# 02 — The Four Technical Pillars: Real Implementations

> **Purpose:** Implement the four critical RL training techniques as real, runnable code. Each technique is a modular function you can plug into any training loop.

**Prerequisites:** This notebook builds on `01_rl_training_loop_foundations.ipynb`. We reuse the TinyLM model.

---

In [1]:
import torch
import torch.nn as nn
import torch.nn.functional as F
from torch.distributions import Categorical
import numpy as np

torch.manual_seed(42)
np.random.seed(42)
device = 'cuda' if torch.cuda.is_available() else 'cpu'
print(f"Device: {device}")

Device: cpu


## Setup: TinyLM from Section 01

A minimal language model for teaching purposes.

In [2]:
class TinyLM(nn.Module):
    """Minimal language model for RL experiments."""
    def __init__(self, vocab_size=100, hidden_size=64, num_layers=2):
        super().__init__()
        self.embed = nn.Embedding(vocab_size, hidden_size)
        self.rnn = nn.GRU(hidden_size, hidden_size, num_layers, batch_first=True)
        self.head = nn.Linear(hidden_size, vocab_size)
        self.vocab_size = vocab_size
    
    def forward(self, x):
        h = self.embed(x)
        h, _ = self.rnn(h)
        return self.head(h)
    
    def generate(self, prompt, max_len=20, temperature=1.0):
        """Generate tokens autoregressively."""
        self.eval()
        tokens = prompt.clone()
        log_probs = []
        
        with torch.no_grad():
            for _ in range(max_len):
                logits = self(tokens)[:, -1, :] / temperature
                dist = Categorical(logits=logits)
                next_token = dist.sample()
                log_probs.append(dist.log_prob(next_token))
                tokens = torch.cat([tokens, next_token.unsqueeze(1)], dim=1)
        
        return tokens, torch.stack(log_probs, dim=1)

# Instantiate
model = TinyLM().to(device)
print(f"Parameters: {sum(p.numel() for p in model.parameters()):,}")

Parameters: 62,820


## 1. Advantage Normalization: Three Real Implementations

Each function takes rewards and returns normalized advantages.

In [None]:
def normalize_grpo_local(rewards, group_size):
    """
    GRPO-style local normalization.
    Normalizes within each prompt's group of responses.
    
    Args:
        rewards: Tensor of shape (batch_size,) - reward per response
        group_size: int - number of responses per prompt (K)
    
    Returns:
        advantages: Tensor of shape (batch_size,)
    """
    batch_size = rewards.shape[0]
    num_groups = batch_size // group_size
    eps = 1e-8
    
    # Reshape to (num_groups, group_size)
    grouped = rewards.view(num_groups, group_size)
    
    # Compute per-group statistics
    group_mean = grouped.mean(dim=1, keepdim=True)  # (num_groups, 1)
    group_std = grouped.std(dim=1, keepdim=True)    # (num_groups, 1)
    
    # Normalize within each group
    advantages = (grouped - group_mean) / (group_std + eps)
    
    return advantages.view(batch_size)


def normalize_global(rewards):
    """
    REINFORCE++-style global normalization.
    Uses batch-level mean and std.
    
    Args:
        rewards: Tensor of shape (batch_size,)
    
    Returns:
        advantages: Tensor of shape (batch_size,)
    """
    eps = 1e-8
    batch_mean = rewards.mean()
    batch_std = rewards.std()
    
    return (rewards - batch_mean) / (batch_std + eps)

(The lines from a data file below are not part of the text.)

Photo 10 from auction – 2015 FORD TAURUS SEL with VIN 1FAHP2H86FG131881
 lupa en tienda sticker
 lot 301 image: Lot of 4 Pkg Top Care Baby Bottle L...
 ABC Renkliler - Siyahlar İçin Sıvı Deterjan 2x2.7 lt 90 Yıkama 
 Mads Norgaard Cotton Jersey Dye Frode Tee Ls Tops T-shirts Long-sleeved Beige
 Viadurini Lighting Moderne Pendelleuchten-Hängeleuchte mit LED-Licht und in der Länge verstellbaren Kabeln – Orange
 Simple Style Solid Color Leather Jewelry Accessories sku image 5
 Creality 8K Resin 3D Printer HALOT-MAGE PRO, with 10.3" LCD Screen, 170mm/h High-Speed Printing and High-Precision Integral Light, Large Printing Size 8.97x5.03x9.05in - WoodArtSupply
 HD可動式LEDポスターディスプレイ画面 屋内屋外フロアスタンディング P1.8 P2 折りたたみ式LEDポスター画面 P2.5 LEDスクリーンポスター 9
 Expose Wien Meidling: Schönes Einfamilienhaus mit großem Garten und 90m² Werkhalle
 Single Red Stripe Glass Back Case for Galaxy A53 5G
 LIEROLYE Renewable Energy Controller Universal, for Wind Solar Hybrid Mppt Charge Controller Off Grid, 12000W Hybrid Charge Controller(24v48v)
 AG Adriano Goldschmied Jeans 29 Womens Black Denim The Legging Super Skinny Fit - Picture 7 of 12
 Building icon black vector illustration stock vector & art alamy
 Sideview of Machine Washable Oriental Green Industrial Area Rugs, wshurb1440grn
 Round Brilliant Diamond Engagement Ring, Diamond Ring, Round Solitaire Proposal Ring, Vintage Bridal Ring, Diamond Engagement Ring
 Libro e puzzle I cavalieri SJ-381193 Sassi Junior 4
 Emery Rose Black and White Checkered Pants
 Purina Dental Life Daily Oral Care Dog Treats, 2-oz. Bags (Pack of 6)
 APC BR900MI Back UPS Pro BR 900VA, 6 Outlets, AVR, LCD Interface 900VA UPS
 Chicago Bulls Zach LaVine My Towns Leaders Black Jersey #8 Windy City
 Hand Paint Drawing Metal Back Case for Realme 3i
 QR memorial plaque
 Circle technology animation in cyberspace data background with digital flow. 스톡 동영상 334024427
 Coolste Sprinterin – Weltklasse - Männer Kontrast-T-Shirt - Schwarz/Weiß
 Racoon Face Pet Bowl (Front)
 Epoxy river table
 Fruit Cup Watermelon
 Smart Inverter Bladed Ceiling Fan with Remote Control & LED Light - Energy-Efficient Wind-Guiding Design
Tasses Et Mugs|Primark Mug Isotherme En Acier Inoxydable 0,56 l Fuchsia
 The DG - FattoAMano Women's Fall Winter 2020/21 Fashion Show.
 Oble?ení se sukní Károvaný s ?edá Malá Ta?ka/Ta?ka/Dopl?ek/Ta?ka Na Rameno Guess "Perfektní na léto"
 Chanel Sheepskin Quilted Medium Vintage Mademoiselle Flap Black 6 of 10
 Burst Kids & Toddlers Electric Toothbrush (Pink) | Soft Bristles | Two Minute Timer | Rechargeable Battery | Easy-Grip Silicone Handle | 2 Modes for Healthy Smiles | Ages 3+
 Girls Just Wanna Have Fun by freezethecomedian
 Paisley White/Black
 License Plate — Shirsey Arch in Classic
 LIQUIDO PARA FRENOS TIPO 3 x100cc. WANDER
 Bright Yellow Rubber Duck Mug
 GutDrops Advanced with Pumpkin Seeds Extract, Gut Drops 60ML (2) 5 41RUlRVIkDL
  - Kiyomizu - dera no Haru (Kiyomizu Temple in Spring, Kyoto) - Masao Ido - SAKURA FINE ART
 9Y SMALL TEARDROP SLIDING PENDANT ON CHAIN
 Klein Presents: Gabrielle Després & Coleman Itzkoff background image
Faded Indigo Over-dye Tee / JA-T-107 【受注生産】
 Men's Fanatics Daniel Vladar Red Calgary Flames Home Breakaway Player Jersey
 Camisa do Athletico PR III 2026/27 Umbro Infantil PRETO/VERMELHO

def normalize_hybrid(rewards, group_size):
    """
    Hybrid normalization: local mean + global std.
    The production-recommended approach.
    
    Args:
        rewards: Tensor of shape (batch_size,)
        group_size: int - number of responses per prompt (K)
    
    Returns:
        advantages: Tensor of shape (batch_size,)
    """
    batch_size = rewards.shape[0]
    num_groups = batch_size // group_size
    eps = 1e-8
    
    # Global std (stable, never near zero)
    batch_std = rewards.std()
    
    # Reshape to (num_groups, group_size)
    grouped = rewards.view(num_groups, group_size)
    
    # Local mean (preserves intra-prompt competition)
    group_mean = grouped.mean(dim=1, keepdim=True)
    
    # Hybrid: local mean, global std
    advantages = (grouped - group_mean) / (batch_std + eps)
    
    return advantages.view(batch_size)

In [4]:
# TEST: Compare normalization strategies on easy data (gradient explosion case)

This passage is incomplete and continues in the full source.